6. Bir Peygamberin bildiğinin aksini söylemesi, ya da kaş göz işaretleriyle mecliste bulunan bazı kimselere bir şeyler anlatıp bunu orada bulunan diğer kimselerden gizlemeye çalışması caiz değildir.[482]
3195... Semure b. Cündup'ten demiştir ki:
Peygamber (s.a)'in ardında, nifash iken vefat eden bir kadının (cenaze) namazını kıl(mış)tım. (Peygamber Efendimiz) o kadının cenaze namazını kılmak için (tam) ortası (hizası)na durdu.[483]
Açıklama
Müslim ve Nesaî'nin rivayetlerinde açıklandığına göre hadis-i şerifte nifash ikeri vefat ettiğinden bahsedilen kadın Ümmü
Ka'b'dır. Metinde geçen kelimesinden maksat ölünün kalçaları hizasıdır. Ancak Hanefî âlimlerine göre, vücudun ortası göğüs olduğundan kelimesine "göğsü" manâsı vermişlerdir. Çünkü göğüs vücudun ortasıdır. Esasen, baş ve ayaklar vücuddan sayılamaz. Esas vücudu teşkil eden kısım, kasıklarla boyun kökü arasında kalan kısımdır. Bu kısmın ortasının da göğüs olduğunda şüphe yoktur. Bu bakımdan hem vücudun her tarafının namazdan payını eşit olarak alması için, hem de ilim ve hikmet madeni olan kalbe yakın olmak için imam, cenaze namazını kılarken ölünün göğsü hizasında durur.
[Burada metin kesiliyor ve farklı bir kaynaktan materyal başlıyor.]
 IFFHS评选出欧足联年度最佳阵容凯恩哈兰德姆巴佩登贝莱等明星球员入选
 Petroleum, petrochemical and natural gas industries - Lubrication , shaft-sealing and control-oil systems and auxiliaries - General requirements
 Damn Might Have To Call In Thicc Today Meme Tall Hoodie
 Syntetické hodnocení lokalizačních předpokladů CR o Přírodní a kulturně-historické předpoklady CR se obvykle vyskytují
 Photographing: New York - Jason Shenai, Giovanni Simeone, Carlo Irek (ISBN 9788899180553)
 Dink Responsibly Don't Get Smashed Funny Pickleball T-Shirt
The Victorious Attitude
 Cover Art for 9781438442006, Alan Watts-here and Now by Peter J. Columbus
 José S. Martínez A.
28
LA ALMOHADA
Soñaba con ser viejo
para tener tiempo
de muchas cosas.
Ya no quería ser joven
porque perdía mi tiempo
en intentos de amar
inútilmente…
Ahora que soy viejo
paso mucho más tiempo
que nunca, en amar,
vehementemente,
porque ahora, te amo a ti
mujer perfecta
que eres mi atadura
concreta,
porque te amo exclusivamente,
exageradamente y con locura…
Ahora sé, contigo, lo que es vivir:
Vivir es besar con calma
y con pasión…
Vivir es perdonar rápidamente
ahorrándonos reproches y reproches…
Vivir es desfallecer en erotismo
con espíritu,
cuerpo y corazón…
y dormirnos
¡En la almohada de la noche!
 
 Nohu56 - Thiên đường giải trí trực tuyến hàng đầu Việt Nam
Her ne kadar bir Önceki hadis-i şerifte, Enes b. Malik'in erkeğin namazını kıldırırken cenazenin baş tarafında, kadının cenazesini kıldırırken de, kalçaları tarafında durduğu ifade ediliyorsa da, aslında bu farklılık ravinin yanılmasından ibarettir. Şöyle ki, aslında Hz. Enes her iki cenazede de ölünün göğsü hizasına durmuştur. Fakat erkeğin cenazesinde biraz baş tarafa doğru kadının cenazesinde de biraz kalça tarafına doğru meylettiği için, ravi bu iki durumun biribirinden tamamen farklı olduğunu zannetmiş ve kendi kanaatini rivayet etmiştir.[484]
Bazı Hükümler
1. Nifastan ölen kadın, her ne kadar şehidse de, cenaze namazı kılınmadan kabre konamaz. Cenaze namazı kılınmadan kabre konulup konulamayacağı hususunda ihtilaf mevzuu olan şehid, savaşta ölen şehiddir. Nifasdan ölen kadınsa savaşta ölmediğinden cenaze namazı kılınmadan kabre konamaz.
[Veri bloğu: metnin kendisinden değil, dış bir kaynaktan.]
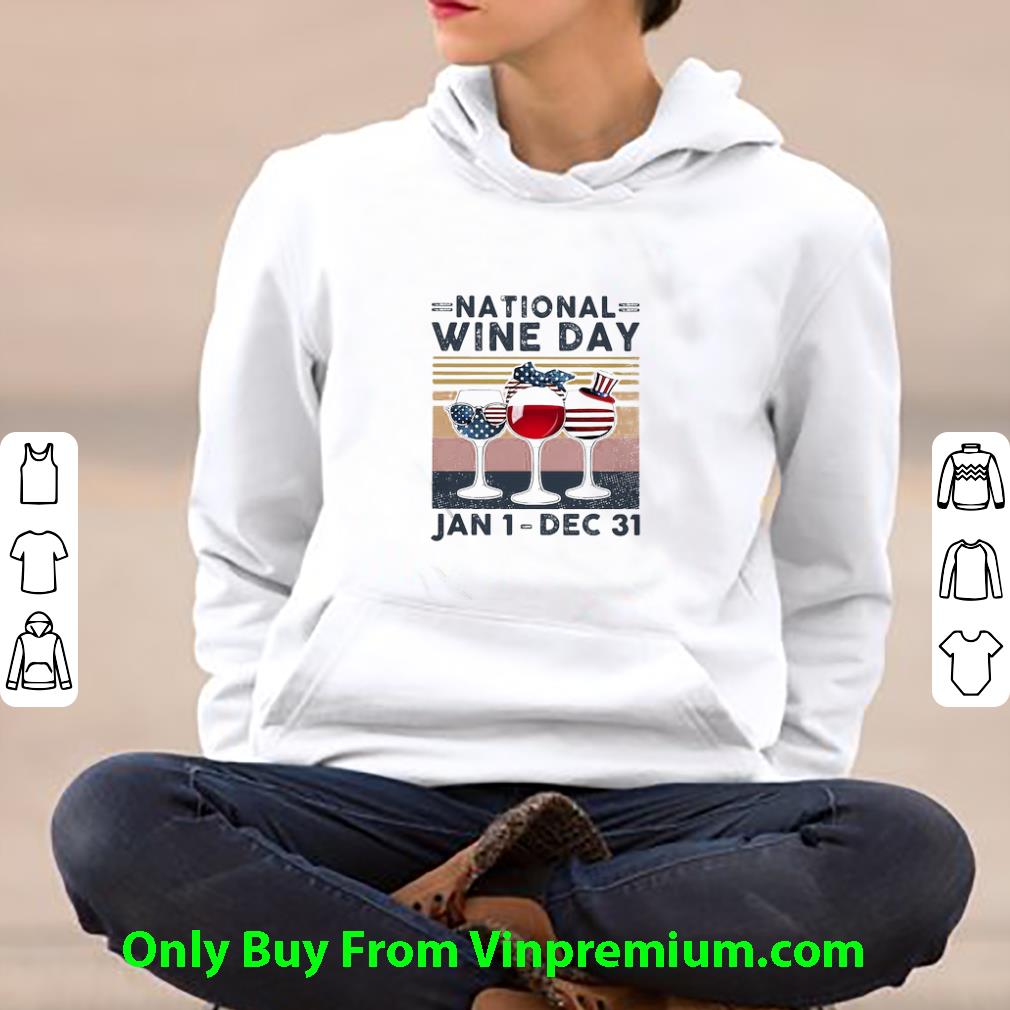 Awesome National Wine Day Jan 1- Dec 31 American Flag shirt e7e5dda6 awesome national wine day jan 1 dec 31 american flag shirt 4 - Awesome National Wine Day Jan 1- Dec 31 American Flag shirt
2. İmam, cenaze namazı kıldırırken, kadın cenazenin kalçaları hizasında durur.[485]
[480] Tirmizî, cenâiz 45; İbn Mace, cenâiz 21.
Sünen-i Ebu Davud Terceme ve Şerhi, Şamil Yayınevi: 12/70-73.
[481] Hatiboğiu Haydar, Sünen-i İbn Mace .Tercemesi, IV-393.
Sünen-i Ebu Davud Terceme ve Şerhi, Şamil Yayınevi: 12/73-74.
[482] Sünen-i Ebu Davud Terceme ve Şerhi, Şamil Yayınevi: 12/74.
[483] Buhari, cenâiz 63, 64; Müslim, cenâiz 87, 88, Tirmizi, cenâiz 45; İbn-i Mace, cenâiz: 21;'Ahmed b.Hanbel V-14, 19.
Sünen-i Ebu Davud Terceme ve Şerhi, Şamil Yayınevi: 12/75.
[484] el-Kâsânî, Bedayiu's-Sanayi, 1-312.
Sünen-i Ebu Davud Terceme ve Şerhi, Şamil Yayınevi: 12/75.
[485] Sünen-i Ebu Davud Terceme ve Şerhi, Şamil Yayınevi: 12/75-76.